Can you remove your SD before starting your system again. Right now, you have an issue as SD card as well as SSD have same device id due to cloning. Both can’t work together actually.
Okay so Turn off the power remove the cable remove sd card and connect the power and see what happenes, ill try now. i did the dd if=/dev/mmcblk0 of=/dev/sda bs=1M status=progress
command should i wait till its done and do it or can i do it now
I thought you already finished the migration? Is your system booting using SSD only?
so I tried to go through the steps again because I thought I missed something, was that a bad idea? And I tried a little while earlier and it didn’t work until I put the sd card back in. The sd card was apparently booted.
I’m a little bit los what you have done and where you stuck. Might be good to start again from beginning.
- Boot your system using SD card (without SSD)
- connect your SSD (no need to mount)
- migrate data as described on our blog
- once done, switch off system
- remove SD card
- Boot your system using SSD
BTW: you are running RPi4, right?
I’m running on an RPI 3b
Also, I’ve done those steps up to 3.
ok in this case, you need to enable USB boot first. I thought you are running RPi4 as this is the header on this post.

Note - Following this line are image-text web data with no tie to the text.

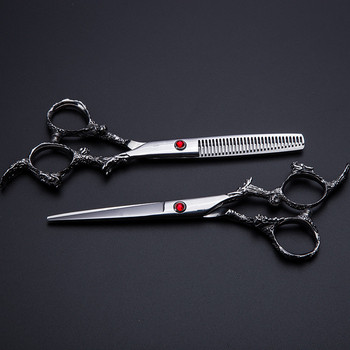 професионални 6 инча Japan 440C дракон ножици за коса комплект чанта ножици за подстригване бръснарски ножици за изтъняване фризьорски ножици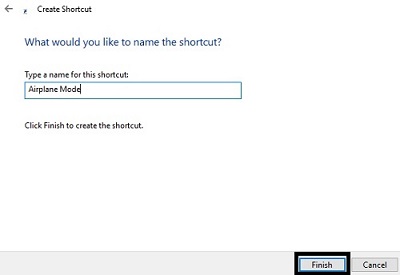 Create Shortcut, Name the shortcut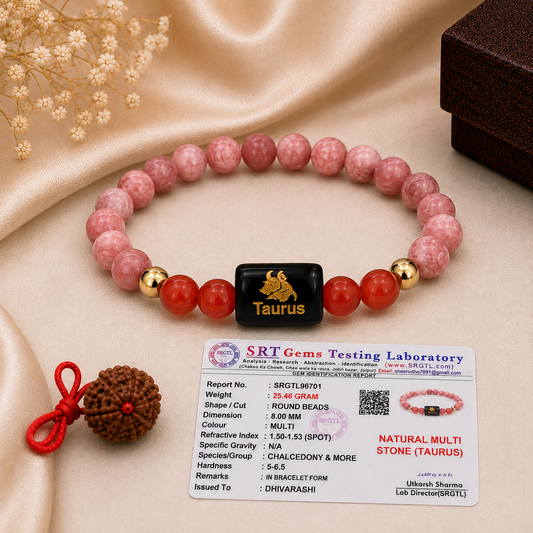 Taurus Zodiac Bracelet – Certified Sunstone & Carnelian Crystal Bracelet | Dhivarashi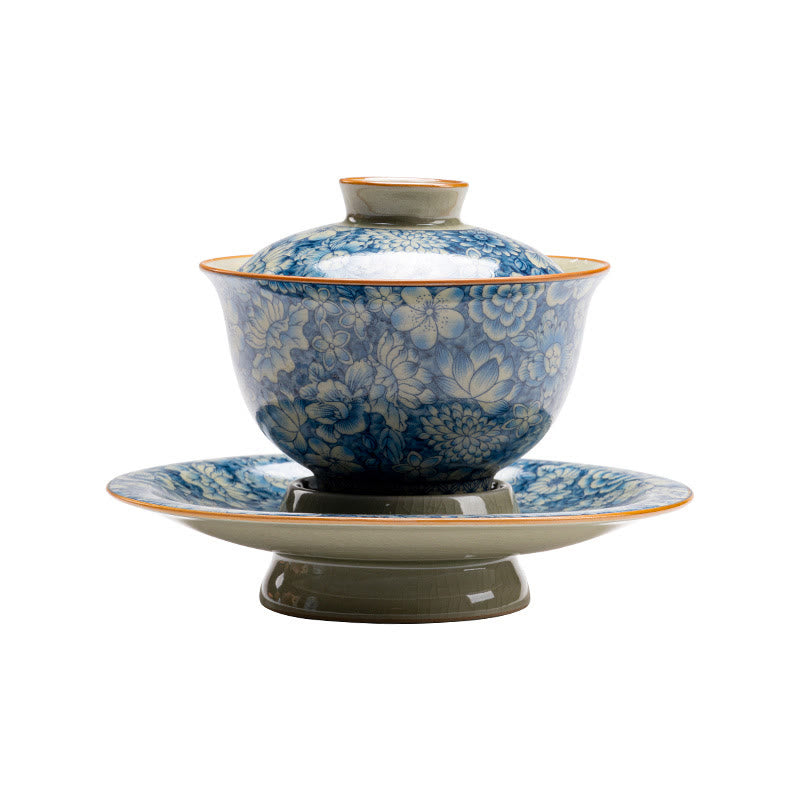 Buddha Stones Vintage Niebieski I Biały Porcelana Brzoskwiniowy Kwiat Lotosu Piwonia Ceramiczny Gaiwan Sancai Filiżanka Kung Fu Filiżanka Do Herbaty I Spodek Z Pokrywką - image 9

Oh, I’m so sorry I should’ve made that clear before that’s my mistake. Doing it now.
So as soon as that’s done I should be able to disconnect the sd card and it should work right?
@Joulinar Thanks so much it worked. Honestly, you are the best! The pi seems a bit faster now as well.
you are welcome. Good it is working now.
Try running one of these benchmark tools to see how much faster the io
or use DietPi one benchmark to get an idea of I/O speed. No need to install other software.
A post was split to a new topic: Apt upgrade not working
linux noob here.
thank you for this guide, it worked perfectly on first try after i connected the ssd to usb 2.0 after everything.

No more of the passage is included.